问题
Here is the lxml, it's saved as sample.html.
<html>
<body>
<div class ="ecopyramid">
<ul id ="producers">
<li class ="producerlist">
<div class ="name">A1</div>
<div class ="number">100000</div>
</li>
<li class ="producerlist">
<div class ="name">B1</div>
<div class ="number">100000</div>
</li>
</ul>
<ul id ="primaryconsumers">
<li class ="primaryconsumerlist">
<div class ="name">A2</div>
<div class ="number">1000</div>
</li>
<li class ="primaryconsumerlist">
<div class ="name">B2</div>
<div class ="number">2000</div>
</li>
</ul>
<ul id ="secondaryconsumers">
<li class ="secondaryconsumerlist">
<div class ="name">A3</div>
<div class ="number">100</div>
</li>
<li class ="secondaryconsumerlist">
<div class ="name">B3</div>
<div class ="number">98</div>
</li>
</ul>
<ul id ="tertiaryconsumers">
<li class ="tertiaryconsumerlist">
<div class ="name">A4</div>
<div class ="number">80</div>
</li>
<li class ="tertiaryconsumerlist">
<div class ="name">B4</div>
<div class ="number">50</div>
</li>
</ul>
</body>
</html>
Here is the code to navigate through the sample.html above:
from bs4 import BeautifulSoup
with open("sample.html", "r") as sample_pyramid:
soup=BeautifulSoup(sample_pyramid, "lxml")
soup_object = soup.find("ul", id="secondaryconsumers")
print soup_object.li.div.string
So in this code I am able to first specify the parent location of the text "A3" first by the tag "ul" and id "secondaryconsumers", then in the print command I specify further by the ".li.div.string" suffix and output the desired text of "A3". My questions are as follows:
1) How do I code in order to call/print the text "B3" in this example?
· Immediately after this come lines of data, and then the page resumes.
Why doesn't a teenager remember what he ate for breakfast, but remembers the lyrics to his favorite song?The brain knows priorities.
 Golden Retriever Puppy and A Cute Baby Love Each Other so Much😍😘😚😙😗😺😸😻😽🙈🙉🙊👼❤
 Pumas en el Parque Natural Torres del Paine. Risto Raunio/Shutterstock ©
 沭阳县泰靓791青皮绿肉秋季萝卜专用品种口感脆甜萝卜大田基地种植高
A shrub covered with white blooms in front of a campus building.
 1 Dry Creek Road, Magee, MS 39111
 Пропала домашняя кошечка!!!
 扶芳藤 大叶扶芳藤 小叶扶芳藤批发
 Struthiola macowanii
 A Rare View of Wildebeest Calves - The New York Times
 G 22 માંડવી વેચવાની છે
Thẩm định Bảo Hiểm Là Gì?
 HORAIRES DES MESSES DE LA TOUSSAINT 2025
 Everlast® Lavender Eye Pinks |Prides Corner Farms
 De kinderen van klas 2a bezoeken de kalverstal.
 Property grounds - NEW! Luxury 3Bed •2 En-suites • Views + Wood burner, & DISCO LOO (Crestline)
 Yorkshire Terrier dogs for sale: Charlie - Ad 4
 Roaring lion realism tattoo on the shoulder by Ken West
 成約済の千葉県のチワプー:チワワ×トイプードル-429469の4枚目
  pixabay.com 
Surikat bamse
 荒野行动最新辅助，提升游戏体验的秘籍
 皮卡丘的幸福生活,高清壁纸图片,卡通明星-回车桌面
2) How do I code in order to call/print the text "98" (below "B3") in this example?
I have tried many things with no success, I am able to call the first text object through the navigation, but not the second text object within the shared tags.
Any thoughts?
回答1:
You can use CSS selectors to get names and numbers:
names = soup.select('ul#secondaryconsumers > li.secondaryconsumerlist > div.name')
numbers = soup.select('ul#secondaryconsumers > li.secondaryconsumerlist > div.number')
print [name.text for name in names]
print [number.text for number in numbers]
Prints:
[u'A3', u'B3']
[u'100', u'98']
Example code for the follow-up question in comments:
from bs4 import BeautifulSoup
data = """
<div class="span9">
<table class="result-data table" border="0">
<tbody>
<tr class="result-item highlighting">
<td class="result-category" scope="row">Name:</td>
<td class="result-value-bold" colspan="4" itemprop="item">
Robin Hood
</td>
</tr>
</tbody>
</table>
</div>
"""
soup = BeautifulSoup(data)
print soup.find('td', class_="result-value-bold").get_text(strip=True)
prints Robin Hood
.
Or, alternatively first find parent table
and tr
:
table = soup.find('table', class_='result-data')
tr = table.find('tr', class_='result-item')
print tr.find('td', class_="result-value-bold").get_text(strip=True)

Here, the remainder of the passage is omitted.